Who did the Sky Sports Cricket pundits idolise growing up? Every Monday, we will be asking one of our experts for their cricketing hero and this week Dominic Cork explains why he picked Sir Ian Botham…
I saw Sir Ian Botham before 1981 as I went on a school trip to watch Shropshire versus Somerset in a one-day competition, where Beefy was playing alongside Viv Richards and Joel Garner.
I was then getting on for 10 years old when he played that magnificent Headingley innings and still understanding what sport was all about, but when I saw it, I just wanted to be Ian Botham.
As I was on holiday with my family, I watched it on a small portable TV, not the 60-inch ones we have nowadays!
I was just struck by Beefy’s confidence. The way he strolled out, the way he entered an arena, the way he took the fight to the opposition. He had so much belief in his own ability, so much confidence.
He never saw a dire situation, he just wanted to go and turn a match on its head, and he did on that occasion in Leeds, before it was brilliantly finished off by Bob Willis with the ball.
Beefy really inspired me to want to go on and play cricket and for England.
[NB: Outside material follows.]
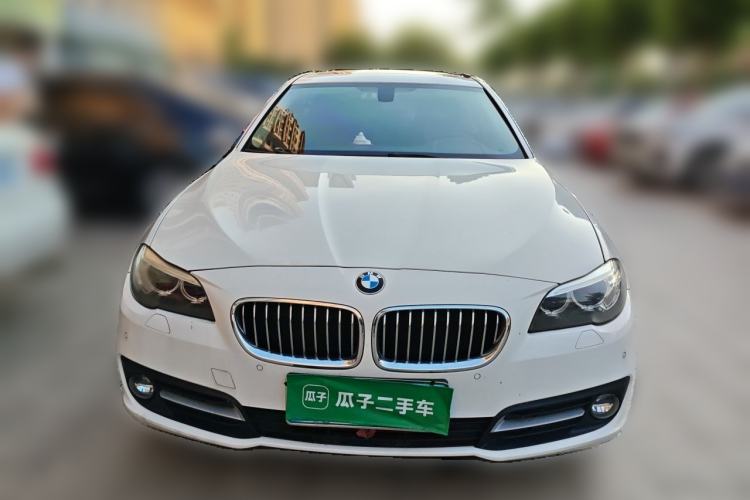 Used BMW 5 Series 2014 520Li Elegant Model Front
Throughout that 1981 series he was magnificent but while it’s nice to pick certain games and performances, throughout his career he just produced.
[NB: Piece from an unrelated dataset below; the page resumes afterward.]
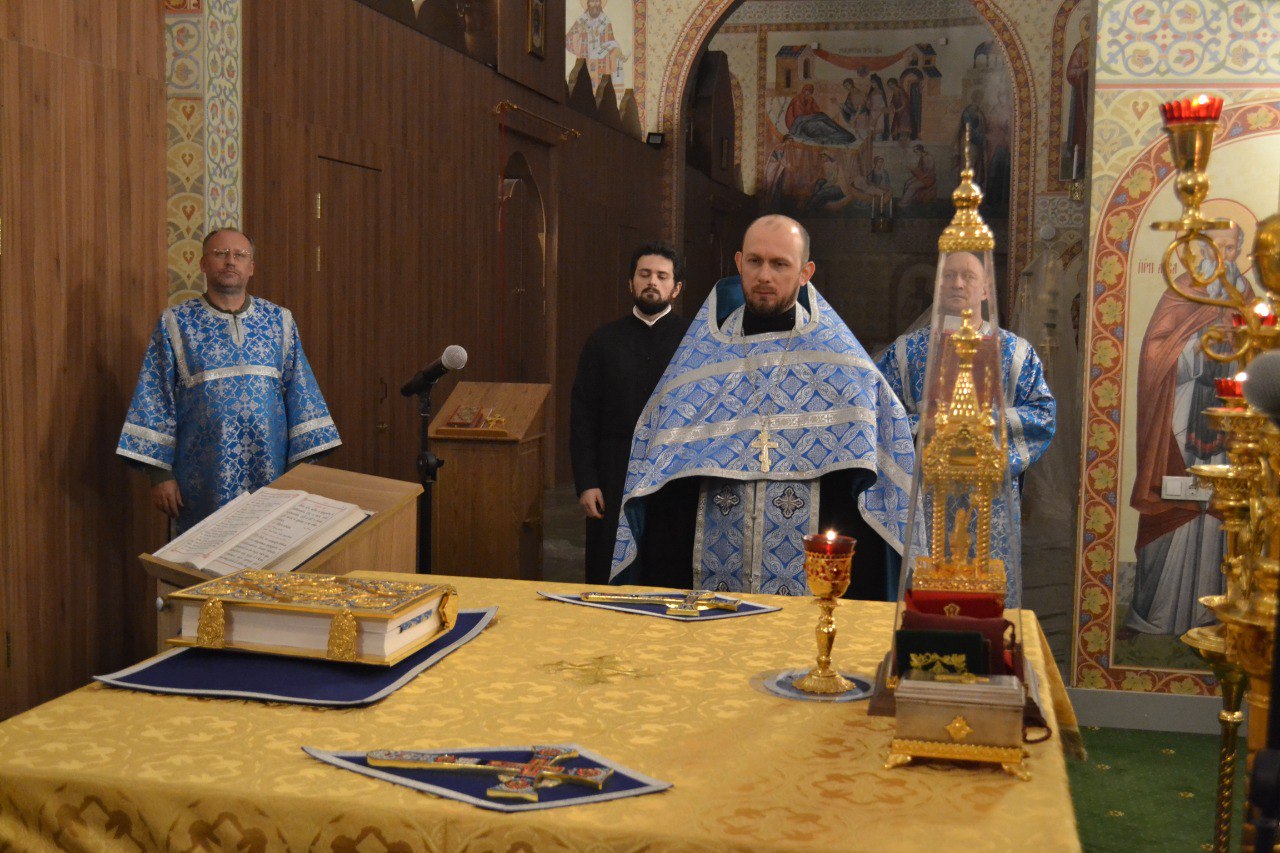 Введение во храм Пресвятой Богородицы. 04.12.2025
What people sometimes forget about Botham was that he bowled quick, he was really sharp. He also swung the ball both ways and had the ability to get big wickets when he bowled, on flat wickets, too.
When you see people taking five-wicket hauls in India now, they forget that Ian Botham did that all those years ago, bowling with enormous strength, enormous energy, enormous skill.
Whenever I played against him, I wanted to get him out!
I remember a game playing for Derbyshire against Worcestershire when I was on a hat-trick – I’d got Tim Curtis and Graeme Hick out so Ian came in. I wanted to show him what I was all about.
Instead of bowling full, I bowled a bouncer. I remember him saying to me after the game: ‘Don’t worry about who the person is, just remember what you do well and aim for the stumps.’
My ODI debut, against Pakistan in 1992, turned out to be his last game. I didn’t realise I was going to make my debut, I only got picked because Chris Lewis had toothache!
When I was in the changing room with him, he was amazing, a real character.
I remember when we had a team meeting the day before the game and he got bored, feeling it had gone on too long, so he took the pen off Micky Stewart and said: ‘I’ll get him out, him out, him out. Phil DeFreitas will get a couple of wickets. Job done!’ Next day, we won the game.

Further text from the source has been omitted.